UCLA Extension - Introduction to Data Science
<br>COM SCI X 450.1
<br>Author: Nathan Strong
<br>Instructor: Ali El-Annan
<br>Date: May 2020

# Part 1: Comparing the databases Microsoft SQL Server (SQL) and Google Firestore (NoSQL)
# Part 2: Comparing algorithms Naive Bayes (supervised) and K-Means Clustering (unsupervised)

### Forward
This essay will compare and contrast two popular databases as well as two popular algorithms.  None of the math for the algorithms is my own (obviously), but the code to generate the following examples is all mine -- It can be downloaded from my GitHub repo here: https://github.com/NaughtyPhoton/ucla-data-science

### The Study -- What is the Most Popular Programming Language as Decided by Twitter
As a means of displaying the databases and algorithms in action, I will be doing a "study" of preferred programming languages as decided by Twitter.  This study is merely a vehicle to depict the technology in question. 
<br>The programming languages I would like to examine are the 5 "Most Loved" programming languages of 2019 as voted by the Stack Overflow Community in their Annual Developer's Survey: https://insights.stackoverflow.com/survey/2019

In [9]:
%load_ext autoreload
%autoreload 2

from typing import Tuple

# In order of most loved -> least loved
SO_MOST_LOVED: Tuple[str] = ('Rust', 'Python', 'TypeScript', 'Kotlin', 'WebAssembly')

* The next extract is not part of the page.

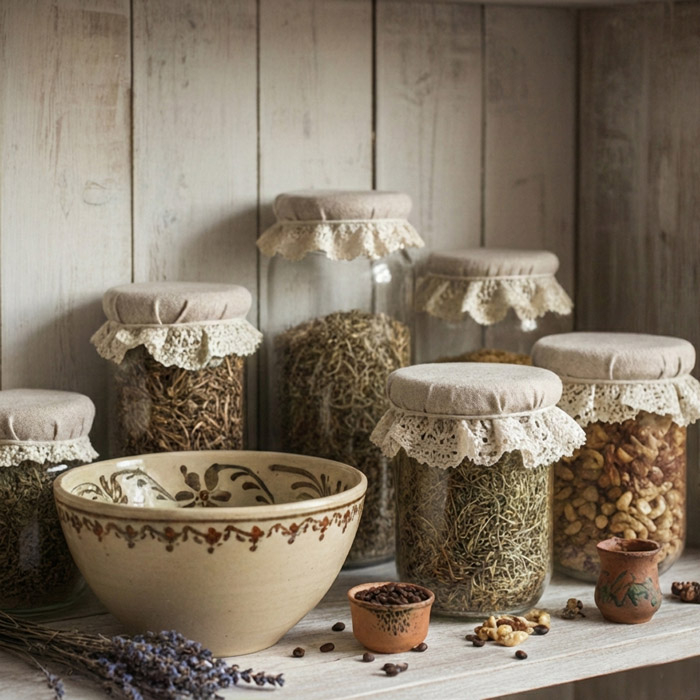 Kapturek Konopno Bawełniany z Koronką na Miskę do 18 cm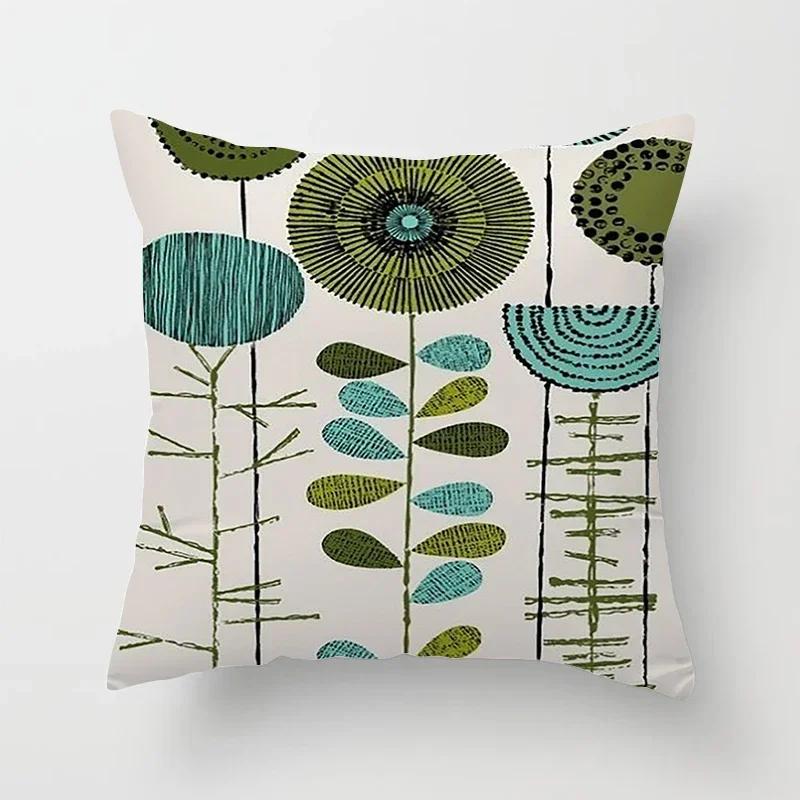 Multicolored Geometric Patterns Double-sided Printed Pillow Cover Short Plush Suitable Living Rooms Sofas Throw Cushion Cover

The autoreload extension is already loaded. To reload it, use:
  %reload_ext autoreload


### Collecting Tweets with Twython
Using the Python library Twython I can search for Tweets. Ideally, I would collect all the tweets mentioning our most loved languages within the past year, however, the Twitter API won't allow you to return that many results. Instead, I'll use the Twython.TwythonStreamer class to collect tweets while listening for a period of time.  I've already extended the TwythonStreamer class in another file to compress this document.

In [7]:
from typing import List
from collections import defaultdict
import time
from custom_streamer import CustomStreamer
from tweet import Tweet

MINUTES_TO_LISTEN = 1

language_tweets_dict: dict = {}
for language in SO_MOST_LOVED: 
    twitterStreamer = CustomStreamer(minutes_to_listen=MINUTES_TO_LISTEN)
    twitterStreamer.statuses.filter(track=language)
    language_tweets_dict[language] = twitterStreamer.tweets
    
    print(f'{language} recieved {len(language_tweets_dict[language])} tweets during {MINUTES_TO_LISTEN} minute(s).')

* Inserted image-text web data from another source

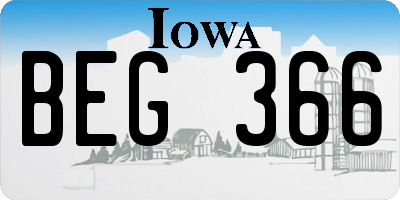 IA license plate BEG366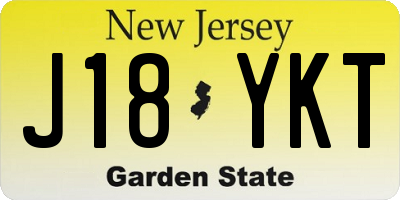 NJ license plate J18YKT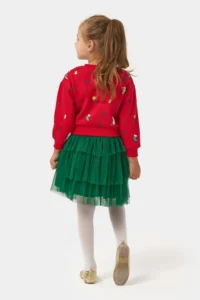 Minipodyum Girl's New Year's Eve Dress with Tulle Skirt, Top and Bottom Set - Image 3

Rust recieved 43 tweets during 1 minute(s).
420 b'Exceeded connection limit for user\r\n'
Python recieved 43 tweets during 1 minute(s).
420 b'Exceeded connection limit for user\r\n'
TypeScript recieved 43 tweets during 1 minute(s).
420 b'Exceeded connection limit for user\r\n'
Kotlin recieved 43 tweets during 1 minute(s).

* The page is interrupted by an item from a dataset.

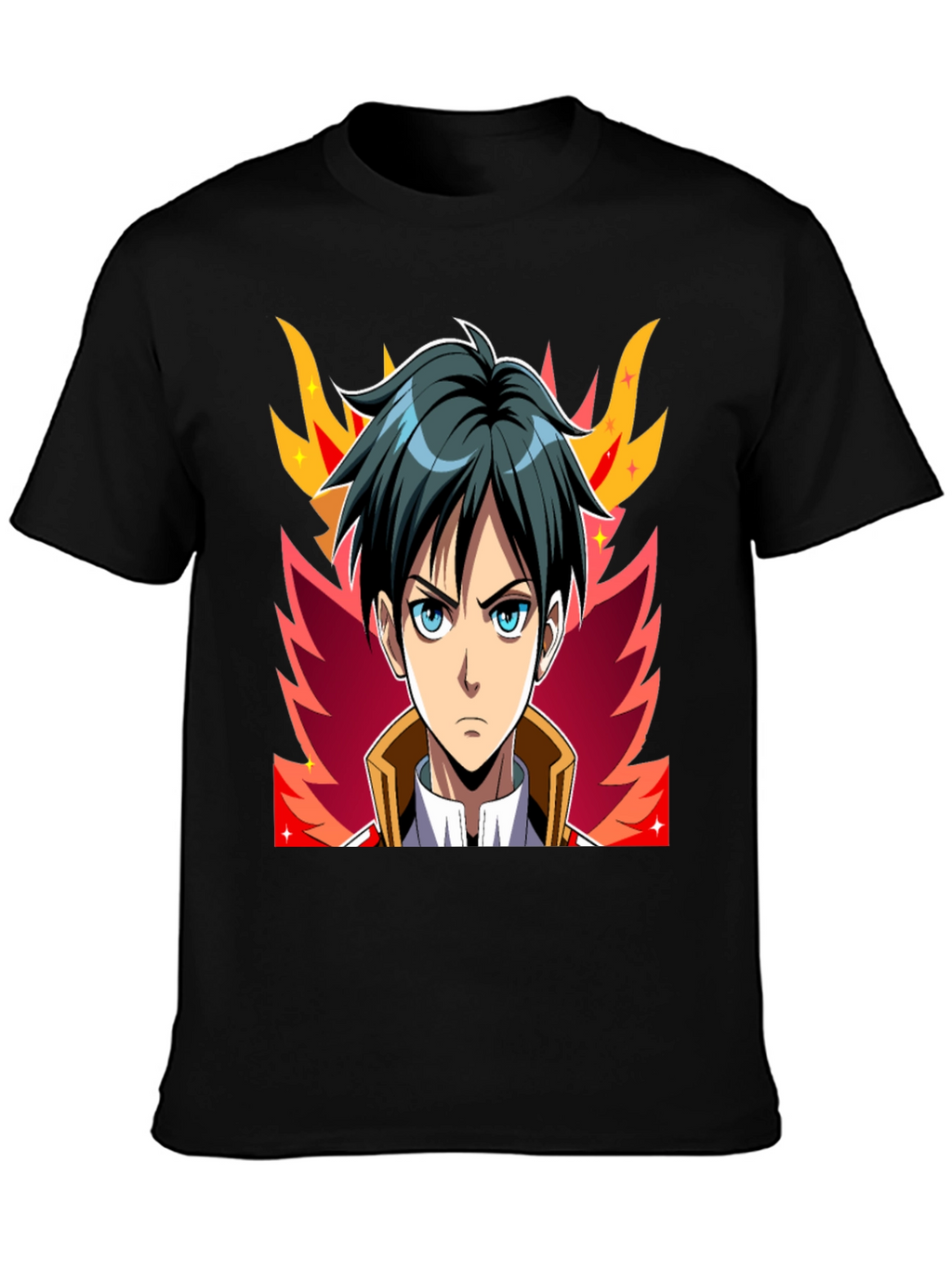 Anime Character Graphic Tee - Black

ConnectionError: HTTPSConnectionPool(host='stream.twitter.com', port=443): Read timed out.

In [7]:
print(language_tweets_dict['Rust'][-1])

Tweet(id_str='1266209998566092801', text='Write multithreaded web apps in Rust!\n\nPublished a suite of new crates that facilitates mutithreading in Rust and W… https://t.co/AmEm9PECOp', date=datetime.datetime(2020, 5, 29, 3, 29, 23, tzinfo=tzutc()), user_handle='w3reality', user_description='Elevating the Web to VR\nedge computing | dataviz | oss | software engineering', hashtags=[])


# Part 1 - Databases
It's a good idea to store my collection of tweets in a database, as the Twitter API only allows for a limited amount of API calls. This way I can also add to my Tweet collection by running this script on different days, thus growing my sample size, and when I feel my collection is sufficient, I can stop querying for new Tweets.
## Part 1.1 - SQL Databases
#### What is an SQL Database?
SQL stands for Structured Query Language; the language used to work with a relational database.  A relational database is one which finds data based on its relationship to other data.  The SQL language is (pretty much) the same between different DBMS (Database Management Systems).
#### Microsoft SQL Server
I chose to use the Microsoft SQL Server for this project because I have never used it before and people seem to really like it. It uses it's own flavor of SQL called "transact-sql" (t-sql).  It has an integrated envioronment called Microsoft SQL Manager which provides GUI tools for managing databases.  The Microsoft SQL Server can also live on a Microsoft Azure instance if the database is designed to work on the cloud.  It has a ton of other features, but notably (for data science) it has a service called SQL Server Analysis Services (SSAS) that provides tools for Machine Learning and Data Analysis (I won't be using these).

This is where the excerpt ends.